Le argomentazioni contenute nel ricorso non valgono a scalfire le ragioni di cui alla motivazione della citata sentenza n. 23397/2016 (qui da intendersi richiamata anche ai sensi dell’art. 118 c.p.c., comma 1) e che ha trovato conferma in innumerevoli successive pronunce (Cass. n. 23418 del 27 settembre 2018; Cass. 1088/2019, Cass. n. 6888/2019);

l’affidamento in riscossione, ai sensi di legge e secondo le modalità previste per le imposte dirette (L. n. 576 del 1980, art. 18, comma 5, seconda parte, in relazione al D.P.R. n. 602 del 1973) comporta, per un verso, la preposizione del concessionario quale adiectus solutionis causa (art. 1188 c.c.), e, per altro verso, assume i contenuti propri del mandato, con rappresentanza ex lege, a compiere quanto necessario perchè il pagamento possa avvenire, in forma spontanea, oppure anche a dare corso alle azioni esecutive secondo la disciplina propria dell’esecuzione forzata speciale (Cass. n. 27218 del 26 ottobre 2018, in motivazione), e non certo una novazione soggettiva dell’originaria obbligazione come pure sostenuto nel motivo;

a questa tesi neppure giova il richiamo al D.Lgs. n. 112 del 1999, art. 20, comma 6, che prevede un termine di prescrizione strettamente inerente al procedimento amministrativo per il rimborso delle quote inesigibili, che in alcun modo può interferire con lo specifico termine di prescrizione previsto dalla legge per azionare il credito nei confronti del debitore (in tal senso da ultimo, Cass. 8/3/2019, n. 6888, nonchè Cass. 17/1/2019,n. 1088);

da queste considerazioni consegue l’inammissibilità del ricorso;

le spese seguono la soccombenza nei confronti del controricorrente e si liquidano come da dispositivo in relazione al valore della controversia;

nessun provvedimento sulle spese deve adottarsi nei confronti della parte che non ha svolto attività difensiva;

sussistono i presupposti processuali per il versamento, da parte della ricorrente, dell’ulteriore importo a titolo di contributo unificato, previsto dal D.P.R. 30 maggio, art. 13, comma 1 quater, introdotto dalla L. 24 dicembre 2012, n. 228, art. 1, comma 17 (legge di stabilità 2013), se ed in quanto dovuto.

P.Q.M.

La corte dichiara il ricorso inammissibile e condanna la ricorrente al pagamento, in favore del controricorrente, delle spese processuali, che si liquidano in Euro 3500 per compensi professionali e Euro 200 per esborsi, oltre al 15% di rimborso forfettario per spese generali e altri accessori di legge.

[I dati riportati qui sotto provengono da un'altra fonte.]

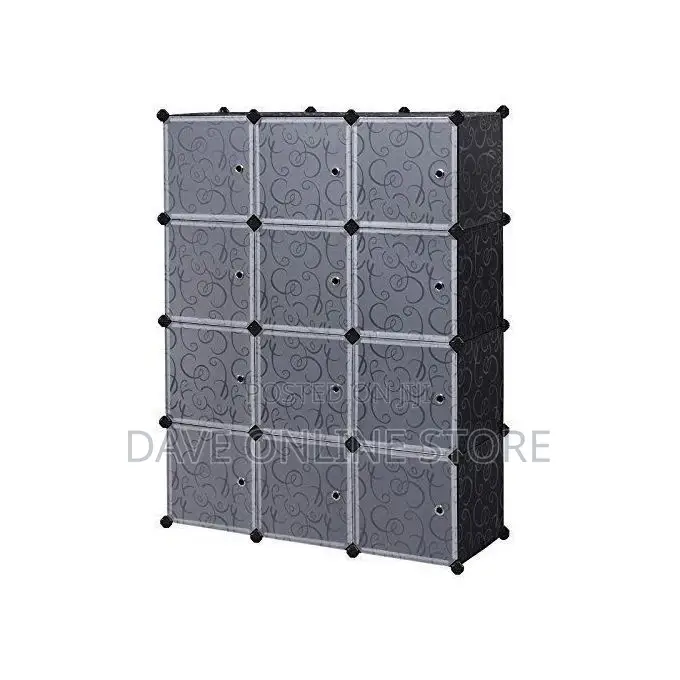 Elegant Plastic Wardrobe/ Closet With Shoe Rack - Black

Ai sensi del D.P.R. n. 115 del 2002, art. 13, comma 1 quater, dà atto della sussistenza dei presupposti processuali per il versamento da parte della ricorrente dell’ulteriore importo a titolo di contributo unificato pari a quello previsto per il ricorso a norma dello stesso art. 13, comma 1 bis, se dovuto.

Così deciso in Roma, nella camera di consiglio, il 23 settembre 2020.